*What to produce*.
Give again, exactly as written, the lines of the records below from the line with "Romantic stars Stock Footage 18159808" to the line with "Psalm Typography Word Cross Glass Wall Art". Both end lines count; pictures do not.

*Records for the exercise*.

=== Begin Enclosure ===

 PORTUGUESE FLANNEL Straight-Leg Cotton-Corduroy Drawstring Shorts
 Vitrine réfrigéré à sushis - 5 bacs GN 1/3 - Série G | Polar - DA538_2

=== End Enclosure ===
=== Begin Enclosure ===

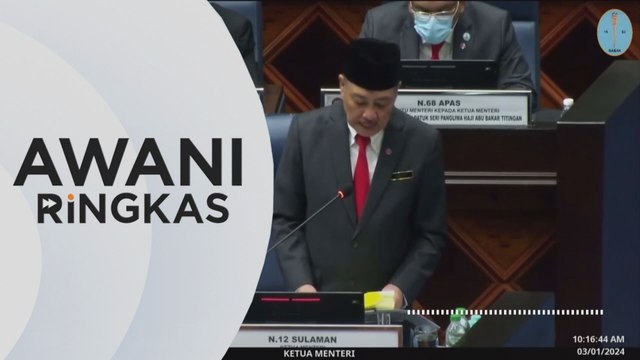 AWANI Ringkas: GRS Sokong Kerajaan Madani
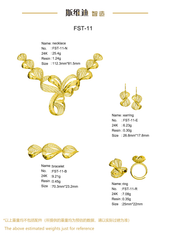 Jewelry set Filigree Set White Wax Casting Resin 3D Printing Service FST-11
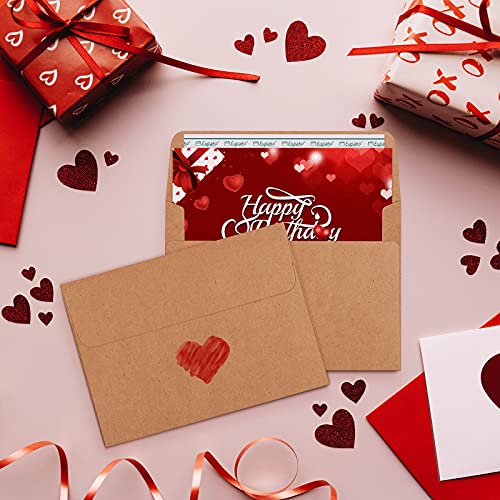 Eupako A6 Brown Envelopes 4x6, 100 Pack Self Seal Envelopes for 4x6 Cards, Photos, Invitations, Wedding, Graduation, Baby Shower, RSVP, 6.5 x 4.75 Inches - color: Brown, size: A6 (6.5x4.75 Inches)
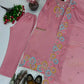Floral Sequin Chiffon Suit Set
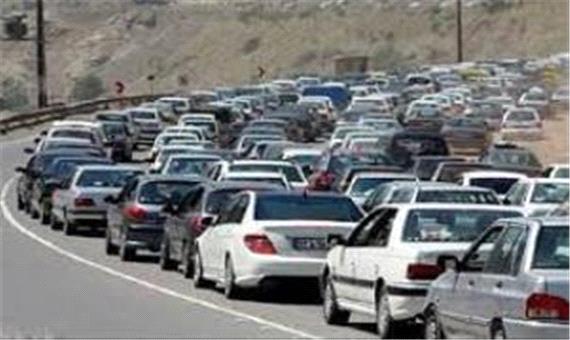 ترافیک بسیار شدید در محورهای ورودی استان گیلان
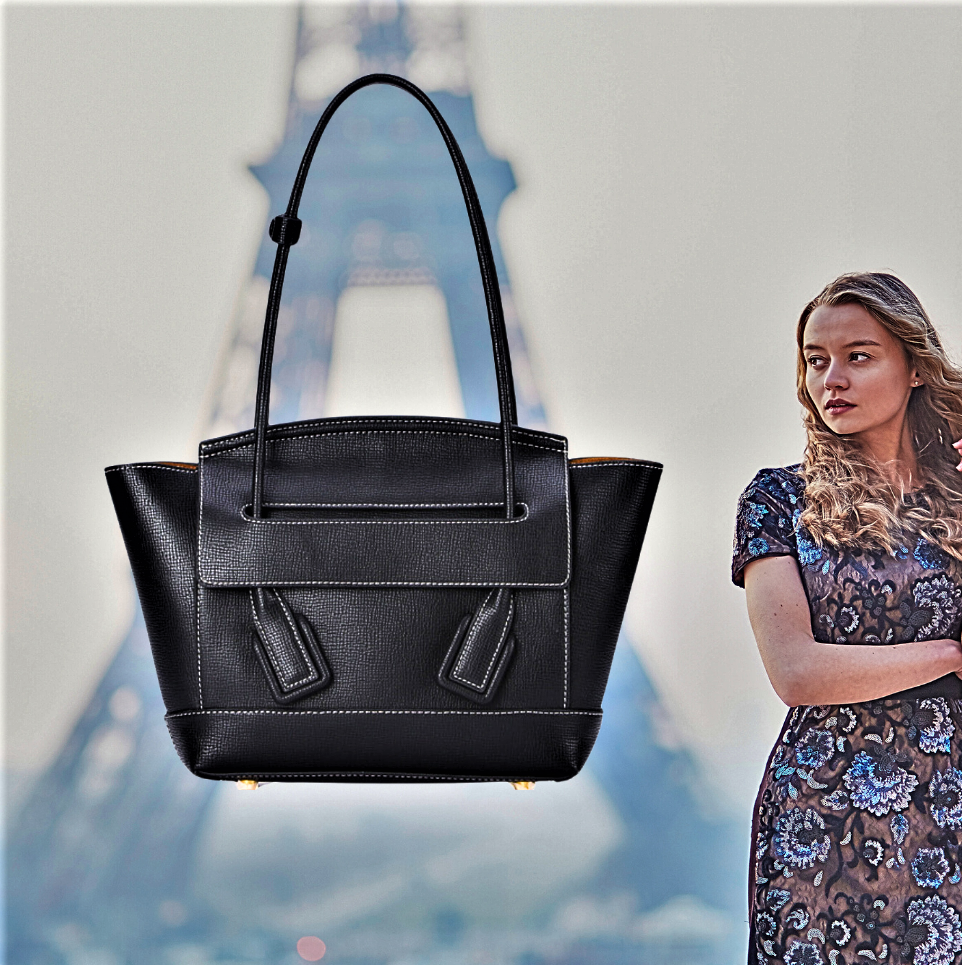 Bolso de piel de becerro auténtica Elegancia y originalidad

=== End Enclosure ===
=== Begin Enclosure ===

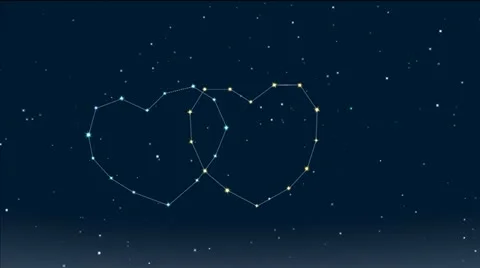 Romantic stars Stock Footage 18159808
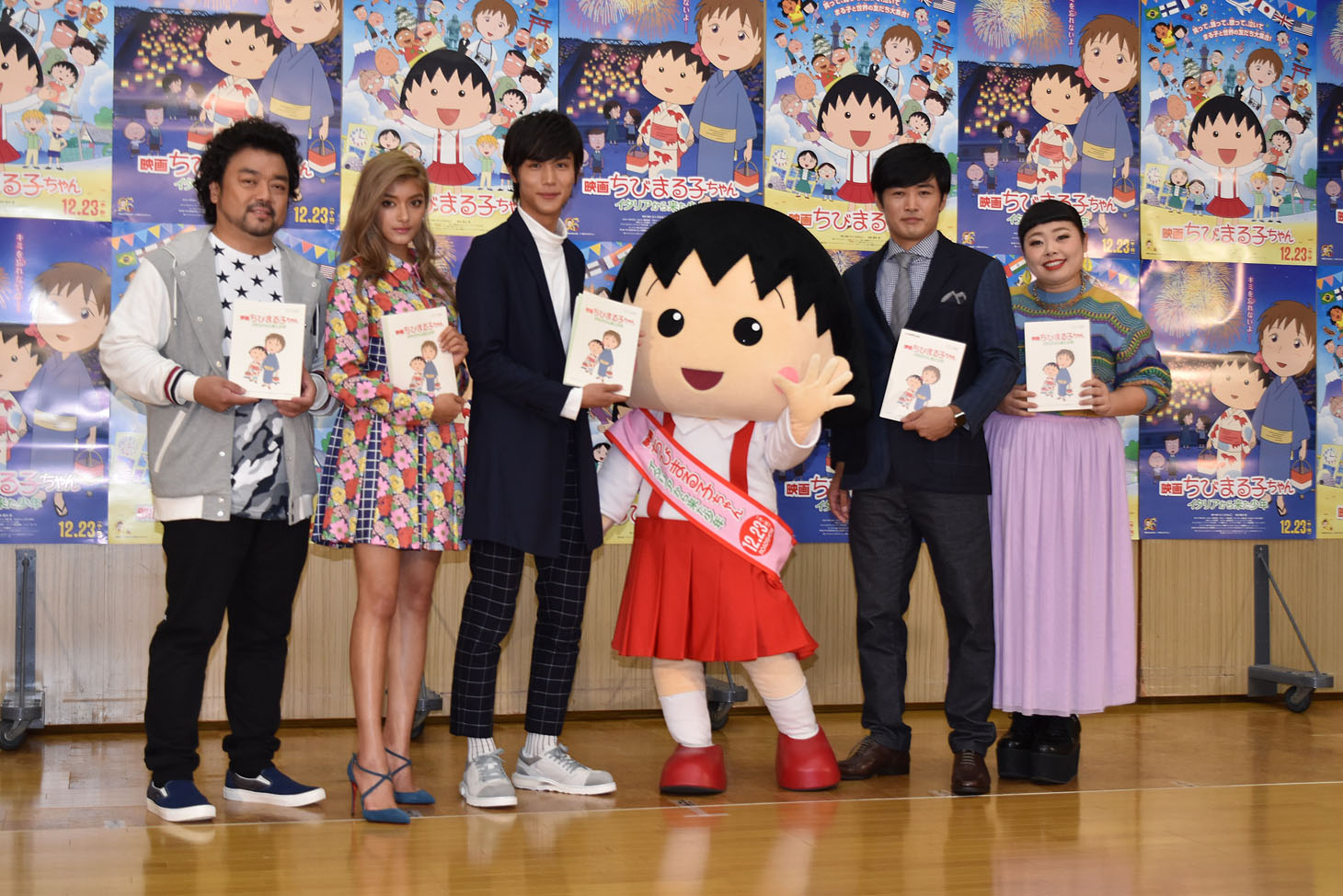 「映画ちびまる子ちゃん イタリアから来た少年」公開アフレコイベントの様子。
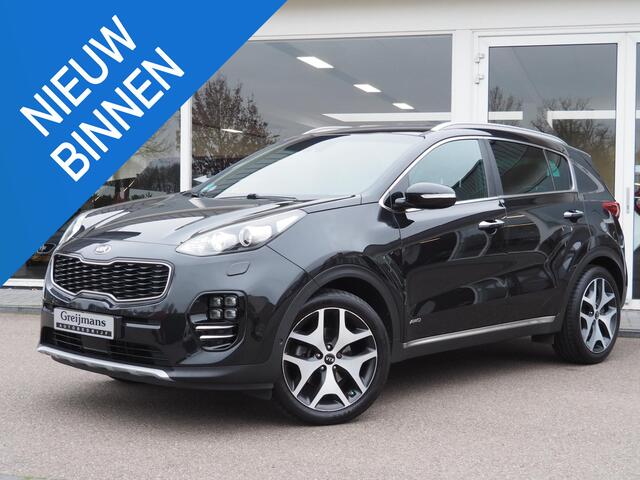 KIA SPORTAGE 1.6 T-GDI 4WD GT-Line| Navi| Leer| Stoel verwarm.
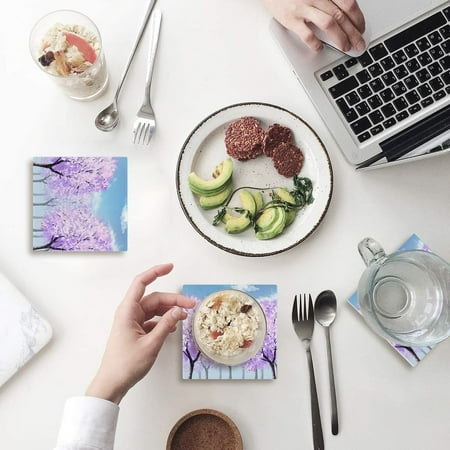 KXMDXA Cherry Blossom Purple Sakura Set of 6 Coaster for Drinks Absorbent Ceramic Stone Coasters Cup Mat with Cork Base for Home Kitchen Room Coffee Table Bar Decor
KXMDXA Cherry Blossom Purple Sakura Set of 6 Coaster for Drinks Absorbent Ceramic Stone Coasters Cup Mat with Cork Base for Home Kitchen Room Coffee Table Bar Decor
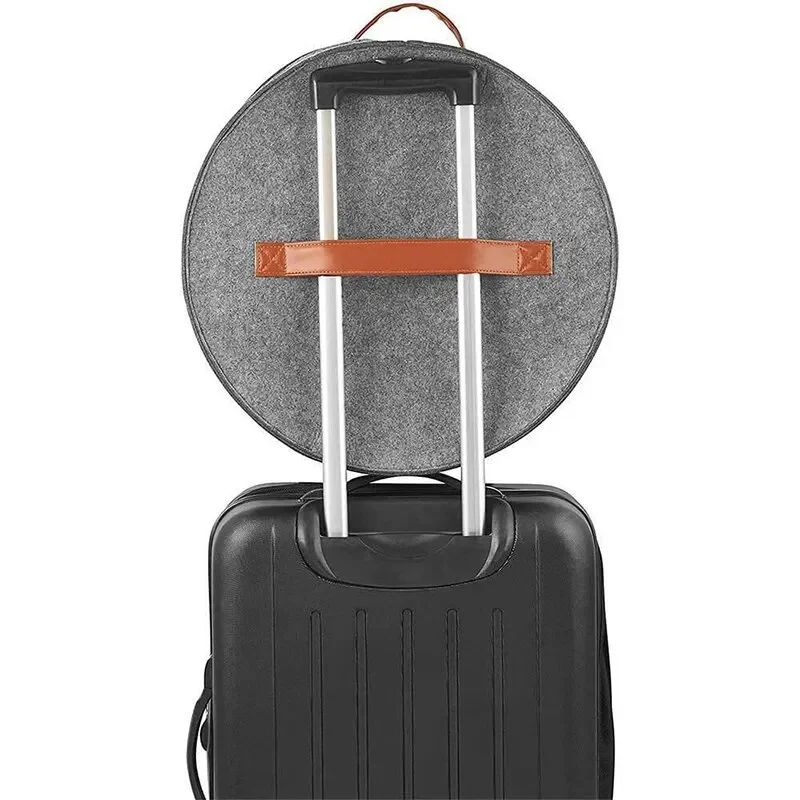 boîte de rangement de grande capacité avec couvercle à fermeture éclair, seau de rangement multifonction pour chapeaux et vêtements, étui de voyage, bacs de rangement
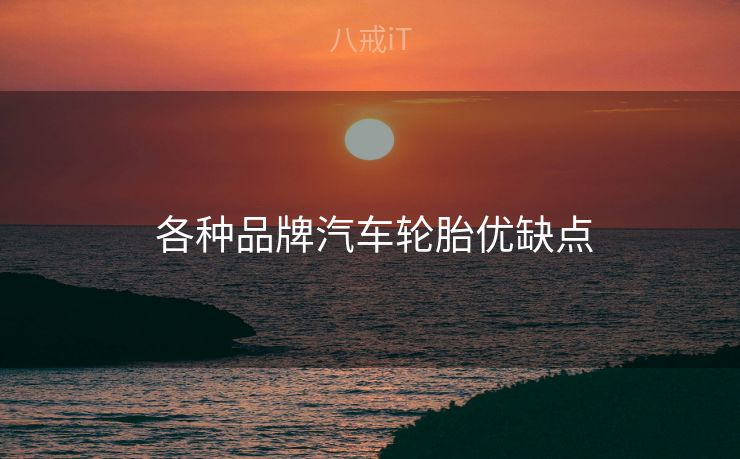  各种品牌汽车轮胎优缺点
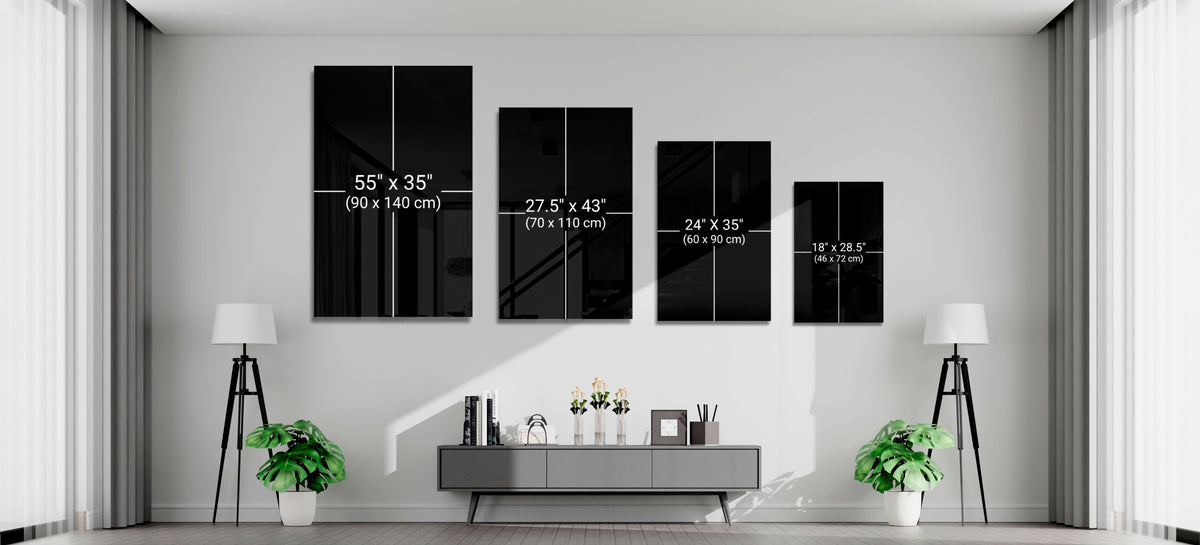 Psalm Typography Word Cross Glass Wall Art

=== End Enclosure ===

*Written response*.
 Romantic stars Stock Footage 18159808
 「映画ちびまる子ちゃん イタリアから来た少年」公開アフレコイベントの様子。
 KIA SPORTAGE 1.6 T-GDI 4WD GT-Line| Navi| Leer| Stoel verwarm.
 KXMDXA Cherry Blossom Purple Sakura Set of 6 Coaster for Drinks Absorbent Ceramic Stone Coasters Cup Mat with Cork Base for Home Kitchen Room Coffee Table Bar Decor
KXMDXA Cherry Blossom Purple Sakura Set of 6 Coaster for Drinks Absorbent Ceramic Stone Coasters Cup Mat with Cork Base for Home Kitchen Room Coffee Table Bar Decor
 boîte de rangement de grande capacité avec couvercle à fermeture éclair, seau de rangement multifonction pour chapeaux et vêtements, étui de voyage, bacs de rangement
  各种品牌汽车轮胎优缺点
 Psalm Typography Word Cross Glass Wall Art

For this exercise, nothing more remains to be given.